Task instructions »
Copy out exactly the lines from the one containing "Ayuzawa Misaki Cosplay" to the last line of the records below, both included, and leave out any pictures.

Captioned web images

-.-.-

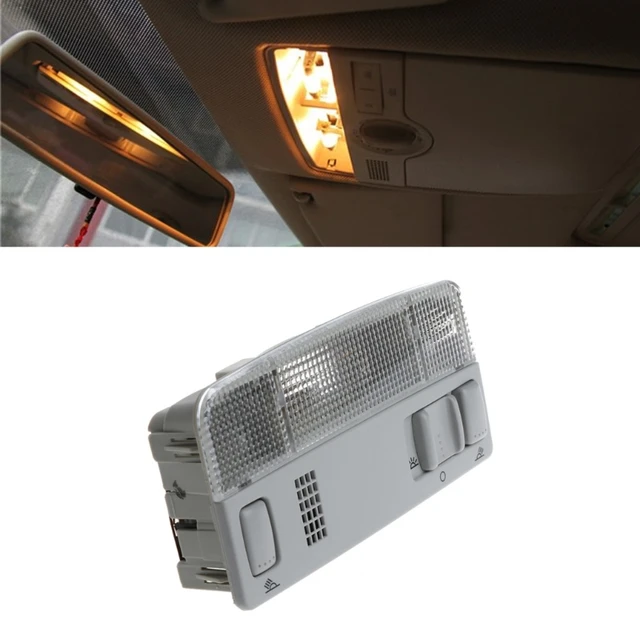 US $12.93 Car Reading Interior Light For VW Passat B5 Golf 4 Bora Polo Caddy Touran Octavia Fabia
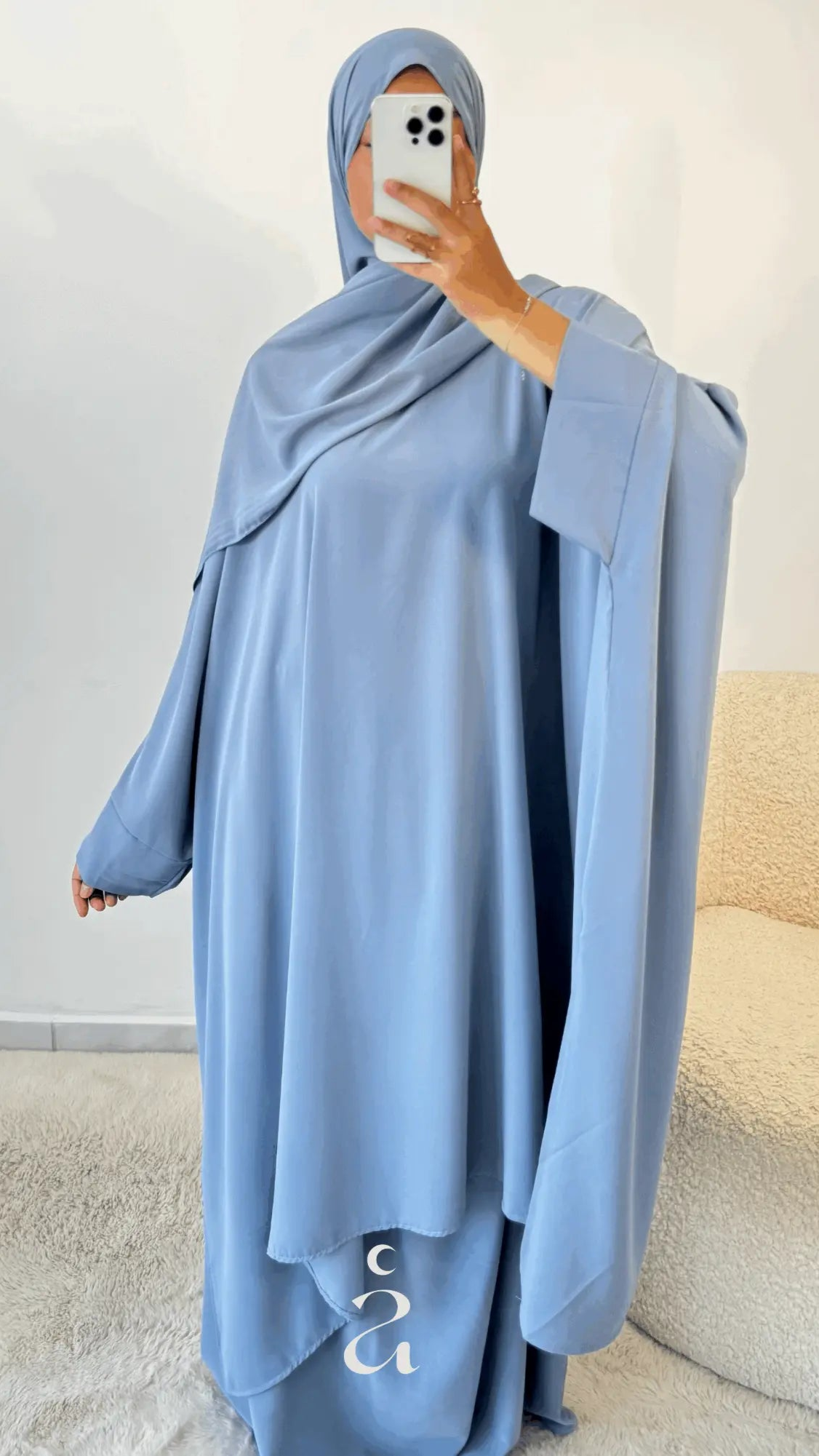 ENSEMBLE 3 PIÈCES - ZAÏNA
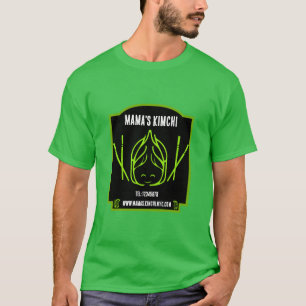Camiseta 22 de novembro - Dia Internacional de Kimchi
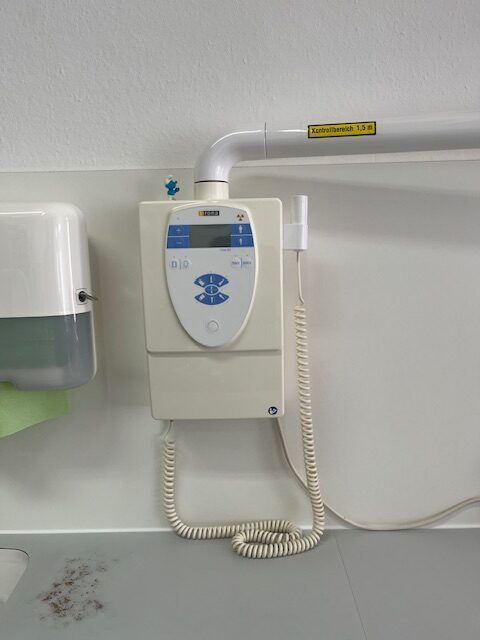 Sirona Heliodent Plus Intra Oral Röntgengerät | 355083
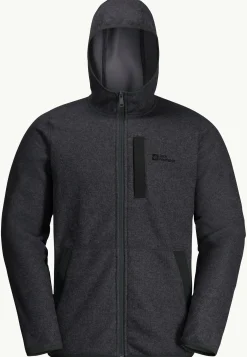 Jack Wolfskin Tannenspur Hooded Jkt M|Heren Lifestyle|Voor- En Najaarsjacks/-Jassen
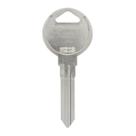 Key Blank Hillman MZ13 de dupla face para Mazda
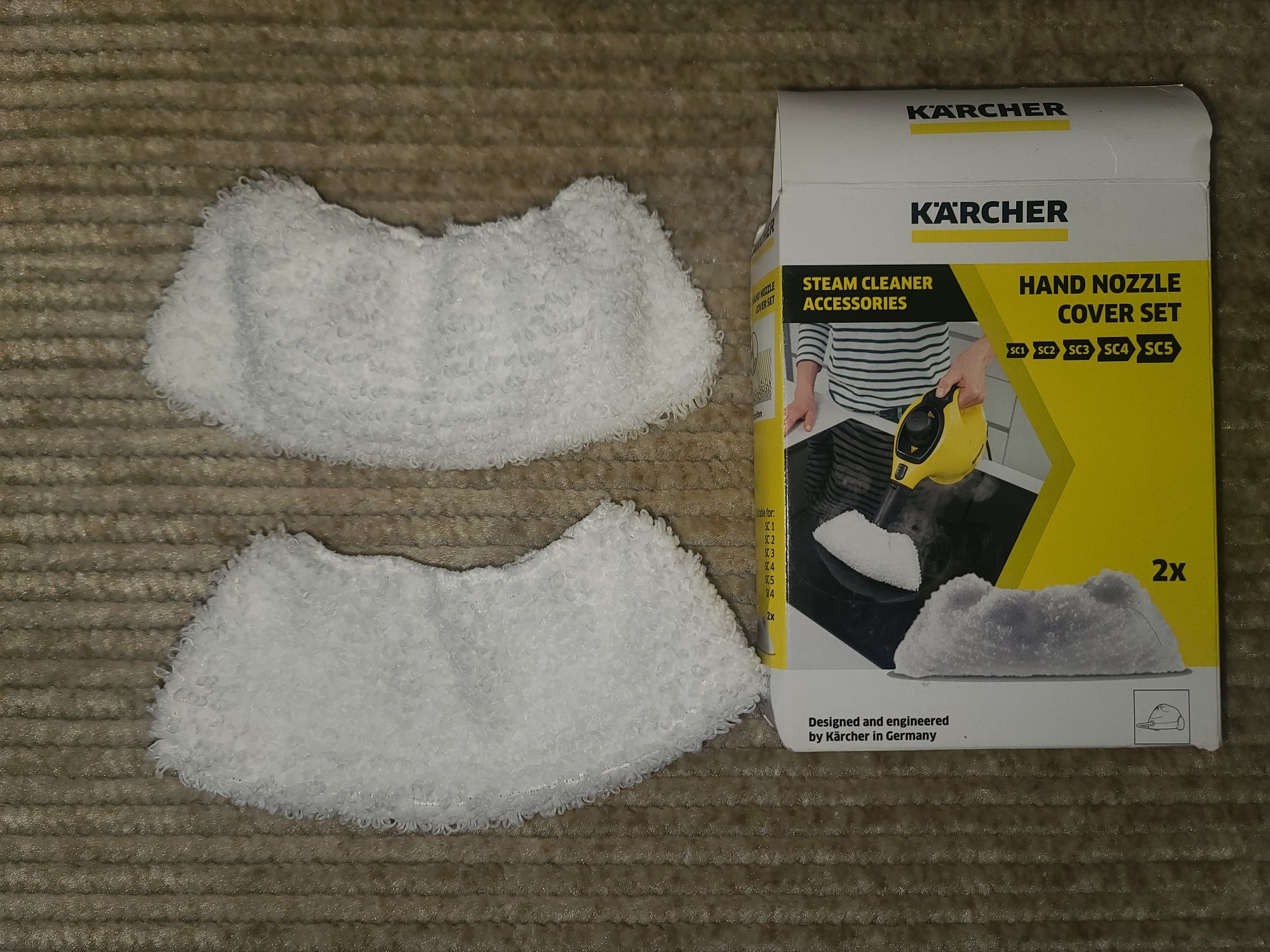 Комплект обтяжек KARCHER 2шт (2.863-270.0)
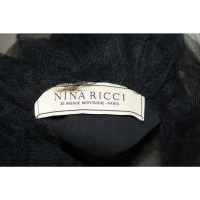 Nina Ricci Vestito in Nero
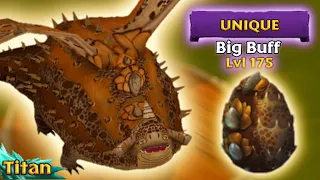 Big Buff (Unique Buffalord) Max Level 175 Titan Mode | Dragons: Rise of Berk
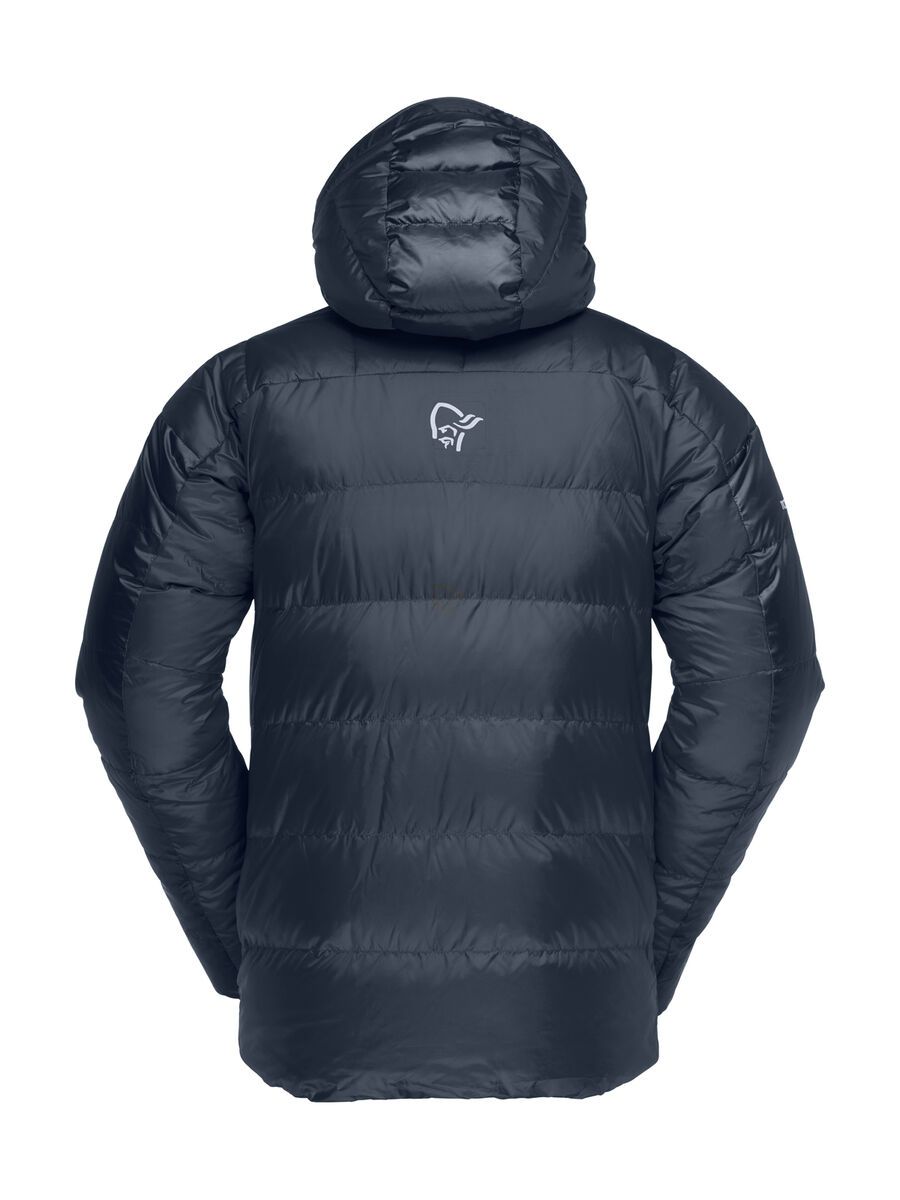 Norrona trollveggen down850 Jacket M's, cool black/indigo night - Bild 2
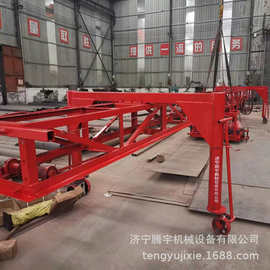 混凝土路面桁架刻纹机厂家 单幅双副1.2米全自动悬挂刻纹机价图片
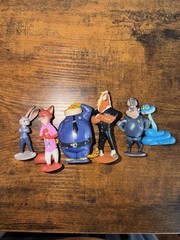Zootopia 2 Characters- Set of 5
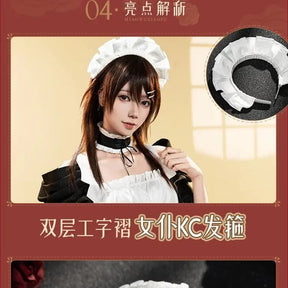 Ayuzawa Misaki Cosplay Costume Kaichou wa Maid-sama!Uniform Halloween Carnival Party Christmas Play Role Clothes Clothing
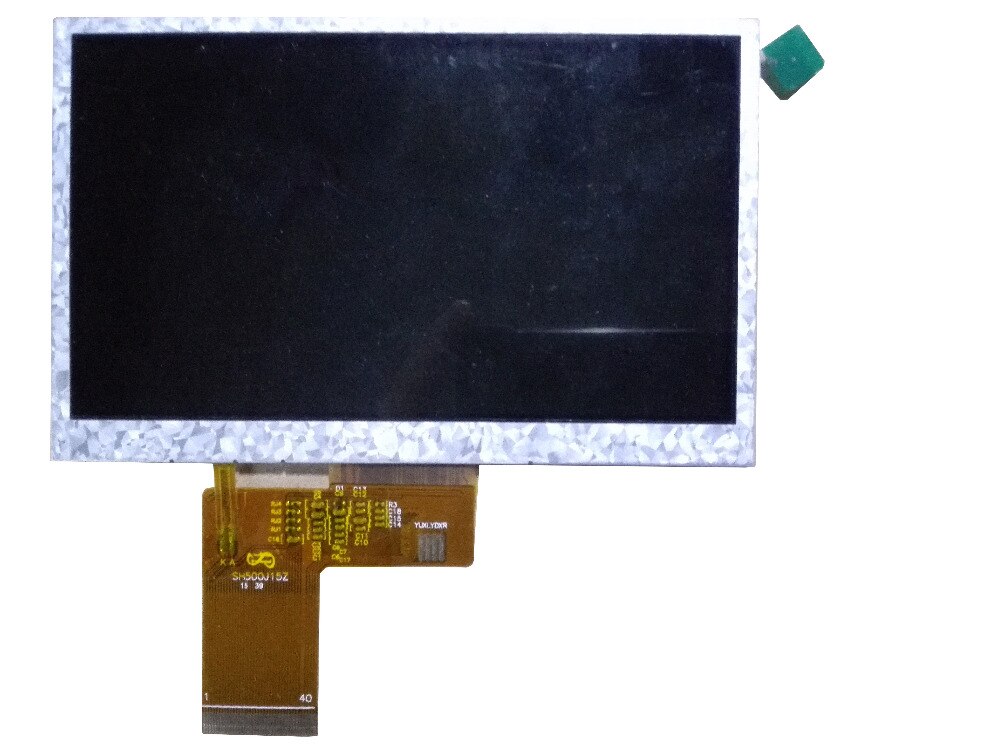 Generic 5 inch 40pin HD LCD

-.-.-

Answer for the task »
 Ayuzawa Misaki Cosplay Costume Kaichou wa Maid-sama!Uniform Halloween Carnival Party Christmas Play Role Clothes Clothing
 Generic 5 inch 40pin HD LCD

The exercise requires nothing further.